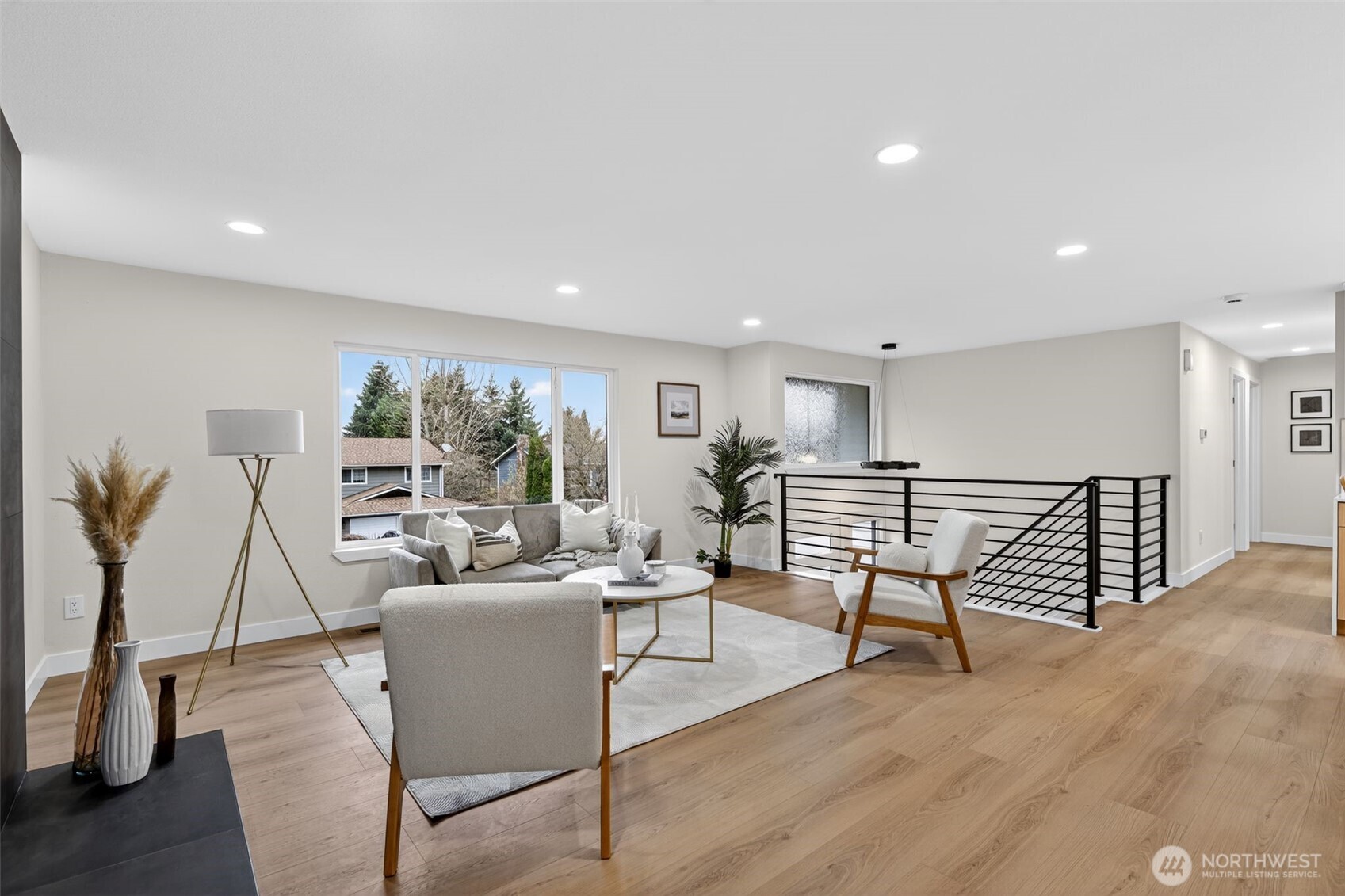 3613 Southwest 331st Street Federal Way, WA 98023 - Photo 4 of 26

---

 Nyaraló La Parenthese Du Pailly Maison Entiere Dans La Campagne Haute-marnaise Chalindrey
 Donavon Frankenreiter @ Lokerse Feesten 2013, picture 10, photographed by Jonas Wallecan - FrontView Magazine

Your assignment:
Look in the material above for the line with "Nyaraló La Parenthese" and the line with "Donavon Frankenreiter @", and transcribe exactly those lines and all lines between them, nothing more.

Exercise response:
 Nyaraló La Parenthese Du Pailly Maison Entiere Dans La Campagne Haute-marnaise Chalindrey
 Donavon Frankenreiter @ Lokerse Feesten 2013, picture 10, photographed by Jonas Wallecan - FrontView Magazine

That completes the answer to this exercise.